For discovery matters on Long Island, cases are typically filed in Nassau County Supreme Court (at the courthouse in Mineola) or Suffolk County Supreme Court (in Riverhead). No-fault arbitrations are heard through the American Arbitration Association, which assigns arbitrators throughout the metropolitan area. Workers' compensation claims go to the Workers' Compensation Board, with hearings at district offices across the state. Understanding which forum is appropriate for your case — and the specific procedural rules that apply — is essential for a successful outcome.

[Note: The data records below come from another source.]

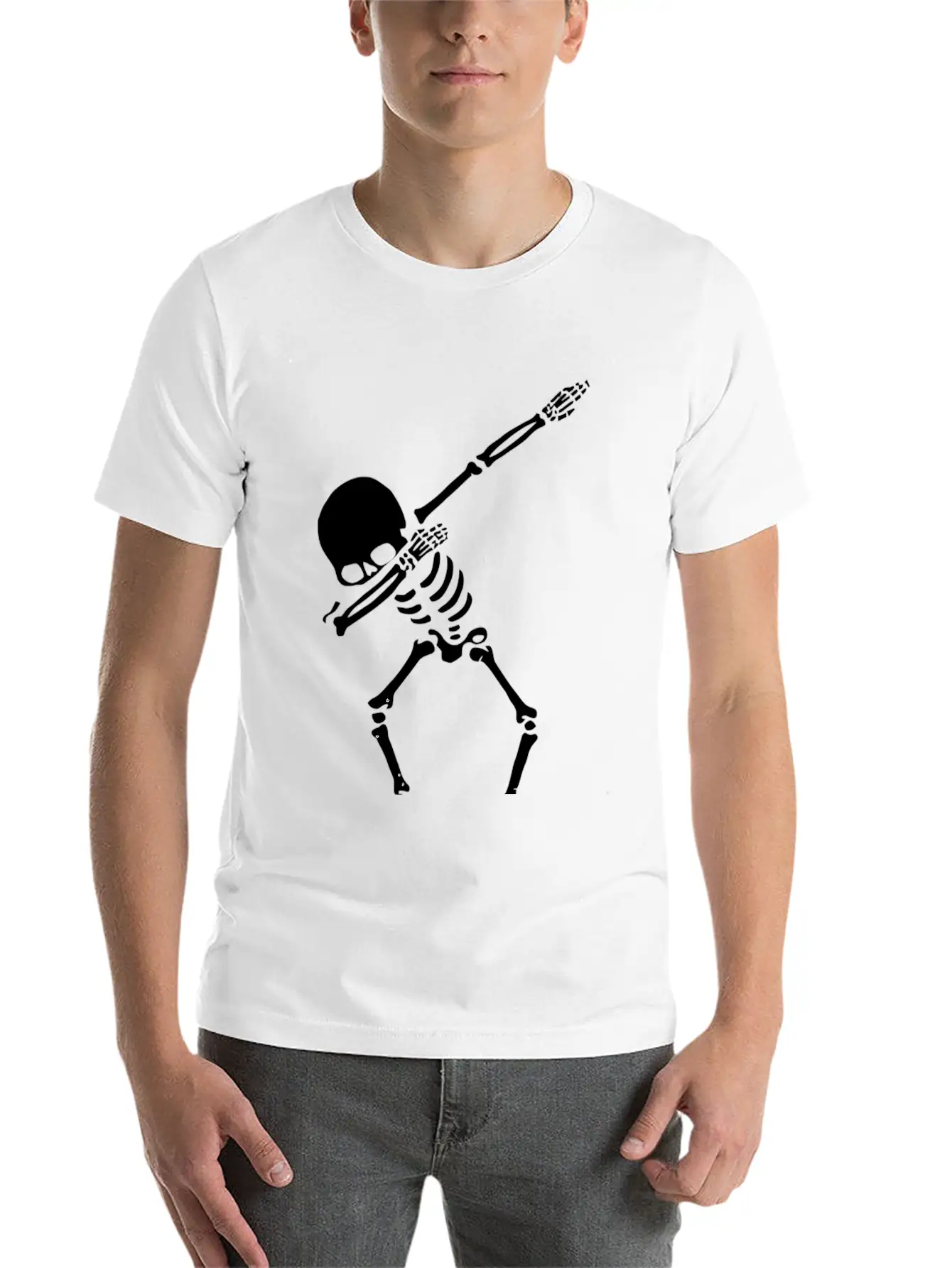 Dabbing Skeleton Shirt Dab Hip Hop Skull Dabbin Casual Graphic T-Shirt – Simple And Comfortable Daily Wear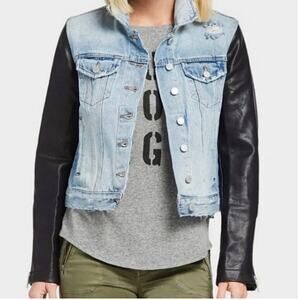 Blank NYC Denim Jean Jacket Faux Leather Black Sleeves Zipper Cuffs Sz XS Blue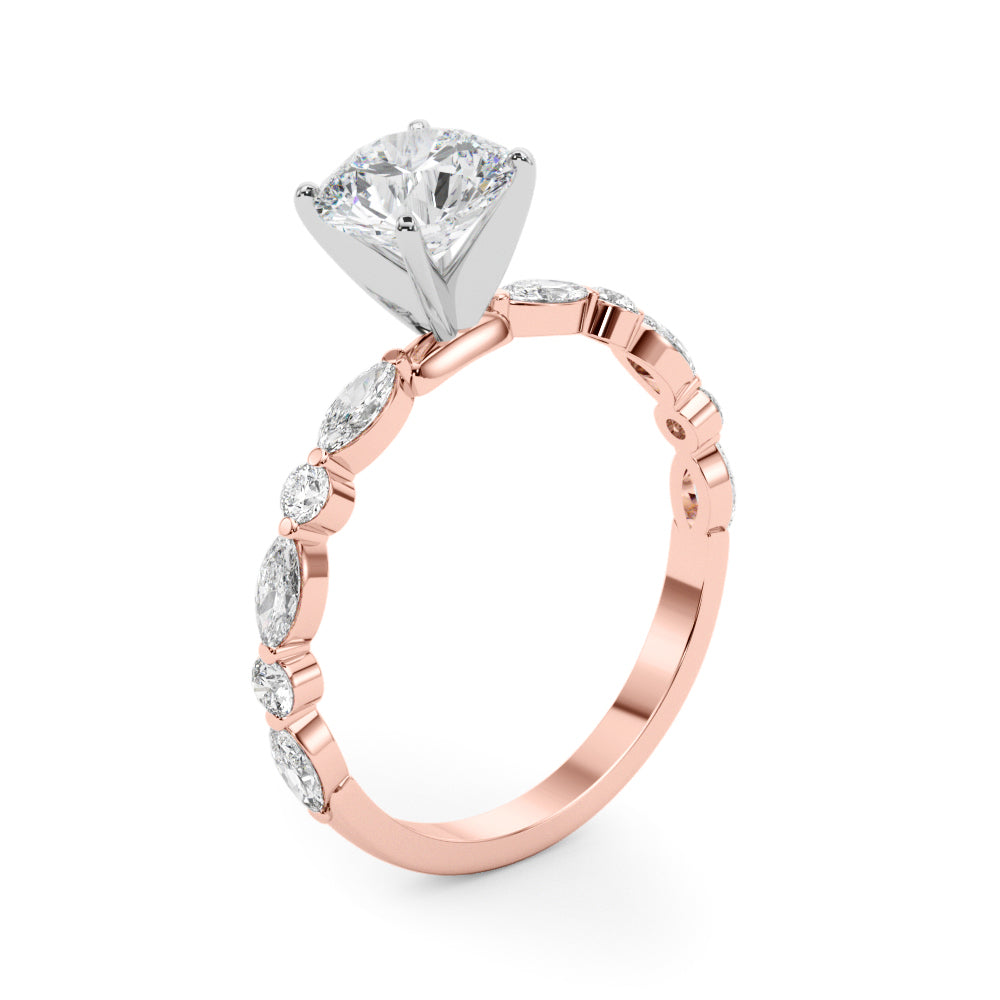 Petite Round Alternating Round and Marquise Engagement Ring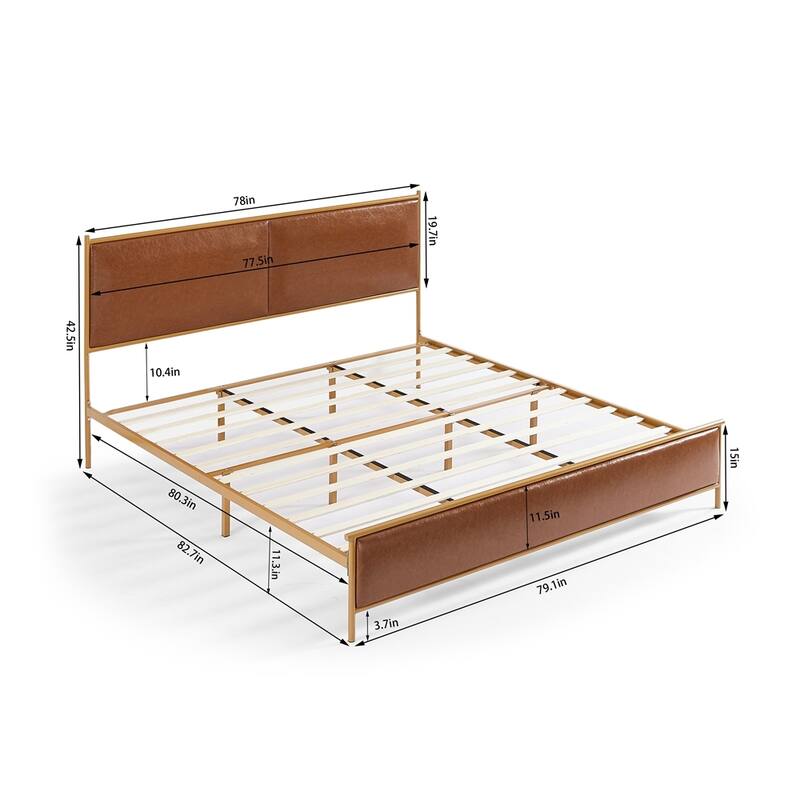 Classic Metal Platform bed with support legs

The procedural landscape in New York also includes important timing requirements that can affect your case. Most civil actions are subject to statutes of limitations ranging from one year (for intentional torts and claims against municipalities) to six years (for contract actions). Personal injury cases generally have a three-year deadline under CPLR 214(5), while medical malpractice claims must be filed within two and a half years under CPLR 214-a. No-fault insurance claims have their own regulatory deadlines, including 30-day filing requirements for applications and 45-day deadlines for provider claims. Understanding and complying with these deadlines is critical — missing a filing deadline can permanently bar your claim, regardless of how strong your case may be on the merits.

Attorney Jason Tenenbaum regularly practices in all of these venues. His office at 326 Walt Whitman Road, Suite C, Huntington Station, NY 11746, is centrally located on Long Island, providing convenient access to courts and offices throughout Nassau County, Suffolk County, and New York City. Whether you need representation in a no-fault arbitration, a personal injury trial, an employment discrimination hearing, or an appeal to the Appellate Division, the Law Office of Jason Tenenbaum, P.C. brings $24+ years of real courtroom experience to your case. If you have questions about the legal issues discussed in this article, call (516) 750-0595 for a free, no-obligation consultation.

New York's substantive law also presents distinct challenges. In motor vehicle cases, the no-fault system under Insurance Law Article 51 provides first-party benefits regardless of fault, but limits the right to sue for non-economic damages unless the plaintiff establishes a "serious injury" under one of nine statutory categories. This threshold — codified at Insurance Law Section 5102(d) — requires medical evidence showing more than a minor or subjective injury, and courts have developed detailed standards for each category. Fractures must be documented through imaging studies. Claims of permanent consequential limitation or significant limitation of use require quantified range-of-motion testing with comparison to norms. The 90/180-day category demands proof that the plaintiff was unable to perform substantially all of their usual daily activities for at least 90 of the 180 days following the accident.

In employment discrimination cases, the legal standards vary depending on whether the claim arises under state or local law. The New York State Human Rights Law employs a burden-shifting framework: the plaintiff must first establish a prima facie case by showing membership in a protected class, qualification for the position, an adverse employment action, and circumstances giving rise to an inference of discrimination. The burden then shifts to the employer to articulate a legitimate, non-discriminatory reason for its decision. If the employer meets this burden, the plaintiff must demonstrate that the stated reason is pretextual. The New York City Human Rights Law, by contrast, applies a broader standard, asking whether the plaintiff was treated less well than other employees because of a protected characteristic.